Our Approach

Computer science is different from other sciences. Computer scientists usually focus more on algorithms and less on the datasets they are using. In addition, in computer science everything is either false or true. This is rarely the case in other scientific disciplines (Skiena 2017).

Data science is more like the other sciences in this regard. It is usually very complicated to construct data sets and probabilistic approaches play an important role. Data science is also the search for insights based on data and there are two different approaches (Skiena 2017).

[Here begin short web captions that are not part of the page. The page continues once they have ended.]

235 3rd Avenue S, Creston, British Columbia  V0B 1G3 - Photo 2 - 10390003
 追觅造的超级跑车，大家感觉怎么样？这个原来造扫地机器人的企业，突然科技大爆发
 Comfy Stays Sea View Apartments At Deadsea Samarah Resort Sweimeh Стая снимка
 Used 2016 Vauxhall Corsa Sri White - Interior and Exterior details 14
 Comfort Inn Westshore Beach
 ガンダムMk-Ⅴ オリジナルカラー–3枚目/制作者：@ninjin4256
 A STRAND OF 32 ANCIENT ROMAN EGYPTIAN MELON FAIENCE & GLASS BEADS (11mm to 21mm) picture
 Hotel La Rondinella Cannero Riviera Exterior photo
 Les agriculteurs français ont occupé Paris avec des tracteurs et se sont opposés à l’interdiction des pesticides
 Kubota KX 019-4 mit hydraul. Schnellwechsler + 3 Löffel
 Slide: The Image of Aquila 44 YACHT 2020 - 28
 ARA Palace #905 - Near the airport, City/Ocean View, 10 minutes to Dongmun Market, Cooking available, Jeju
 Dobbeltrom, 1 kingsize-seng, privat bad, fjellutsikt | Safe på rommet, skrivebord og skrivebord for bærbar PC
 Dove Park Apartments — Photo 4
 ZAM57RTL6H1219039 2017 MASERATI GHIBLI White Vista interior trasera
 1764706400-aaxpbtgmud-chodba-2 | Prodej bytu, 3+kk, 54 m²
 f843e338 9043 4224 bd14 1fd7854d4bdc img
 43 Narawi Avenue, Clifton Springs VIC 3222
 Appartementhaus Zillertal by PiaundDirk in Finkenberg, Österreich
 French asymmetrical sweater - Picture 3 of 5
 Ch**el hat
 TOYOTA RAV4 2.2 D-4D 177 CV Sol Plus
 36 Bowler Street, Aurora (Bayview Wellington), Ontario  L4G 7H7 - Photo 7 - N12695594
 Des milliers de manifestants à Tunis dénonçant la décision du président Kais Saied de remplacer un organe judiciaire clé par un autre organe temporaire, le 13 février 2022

The first approach is the hypotheses-driven paradigm. A research paper usually starts with a hypothesis based on the literature. A hypothesis might be that "an increase in the number of vaccinated people reduces the overall number of infections". The researcher would then search the relevant data and verify or falsify the hypothesis.

Another researcher might postulate that refugee children are more likely to become entrepreneurs as they are used to manage scarce resources. The researcher might then search data to verify or falsify the hypothesis.

The second approach is the data-driven paradigm which starts with a dataset and asks what kind of interesting questions can be addressed with it. This makes sense when there are too many variables to consider. Findings from this approach should always be taken with some caution as some effects might be purely random and non-replicable in other contexts. However, these findings can be corroborated with further analyses.

There are two common problems which can be seen in this space. Models either try to classify or predict with a sample of data. The first common problem is the classification of data points. The second common problem is to predict the outcome with a set of input variables. This is usually done with regression analyses.

The new data-driven approach changes the traditional operating model. Data is at the core of the business and operating model. These business models would not be possible without access to data.